Input for this task: Begin
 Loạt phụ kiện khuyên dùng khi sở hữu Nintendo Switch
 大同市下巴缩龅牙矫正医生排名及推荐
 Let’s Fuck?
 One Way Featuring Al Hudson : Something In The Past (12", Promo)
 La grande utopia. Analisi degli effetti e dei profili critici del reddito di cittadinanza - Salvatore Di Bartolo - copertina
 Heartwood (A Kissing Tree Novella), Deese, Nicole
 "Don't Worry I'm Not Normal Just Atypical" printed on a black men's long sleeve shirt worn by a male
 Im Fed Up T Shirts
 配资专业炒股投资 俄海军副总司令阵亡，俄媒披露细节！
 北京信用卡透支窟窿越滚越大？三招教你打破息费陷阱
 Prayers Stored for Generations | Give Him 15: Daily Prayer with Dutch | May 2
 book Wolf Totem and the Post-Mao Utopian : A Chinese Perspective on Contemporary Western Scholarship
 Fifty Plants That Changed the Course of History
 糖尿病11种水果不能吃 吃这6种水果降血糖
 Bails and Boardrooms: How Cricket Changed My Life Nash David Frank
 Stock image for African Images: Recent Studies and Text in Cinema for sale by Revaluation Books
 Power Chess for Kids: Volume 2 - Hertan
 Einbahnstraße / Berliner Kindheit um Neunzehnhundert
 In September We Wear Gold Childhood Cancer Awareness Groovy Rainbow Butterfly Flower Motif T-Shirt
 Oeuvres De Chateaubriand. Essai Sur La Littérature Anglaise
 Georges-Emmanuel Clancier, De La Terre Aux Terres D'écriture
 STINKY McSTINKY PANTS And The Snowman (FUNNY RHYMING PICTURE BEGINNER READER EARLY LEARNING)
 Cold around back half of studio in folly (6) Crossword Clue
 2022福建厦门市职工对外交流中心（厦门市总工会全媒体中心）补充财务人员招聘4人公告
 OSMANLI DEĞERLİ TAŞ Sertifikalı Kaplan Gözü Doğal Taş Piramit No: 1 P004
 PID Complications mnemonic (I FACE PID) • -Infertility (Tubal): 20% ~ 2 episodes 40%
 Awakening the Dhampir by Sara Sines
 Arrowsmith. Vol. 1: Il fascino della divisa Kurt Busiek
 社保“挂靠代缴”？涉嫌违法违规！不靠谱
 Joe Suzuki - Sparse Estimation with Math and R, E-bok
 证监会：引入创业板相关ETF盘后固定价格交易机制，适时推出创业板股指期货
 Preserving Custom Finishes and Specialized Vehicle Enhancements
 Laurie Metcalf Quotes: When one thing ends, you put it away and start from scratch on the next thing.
Input for this task: End
▸ Task to complete: Return the lines containing "with", taking each one from the listing.

▸ Output for this task:
 Prayers Stored for Generations | Give Him 15: Daily Prayer with Dutch | May 2
 Joe Suzuki - Sparse Estimation with Math and R, E-bok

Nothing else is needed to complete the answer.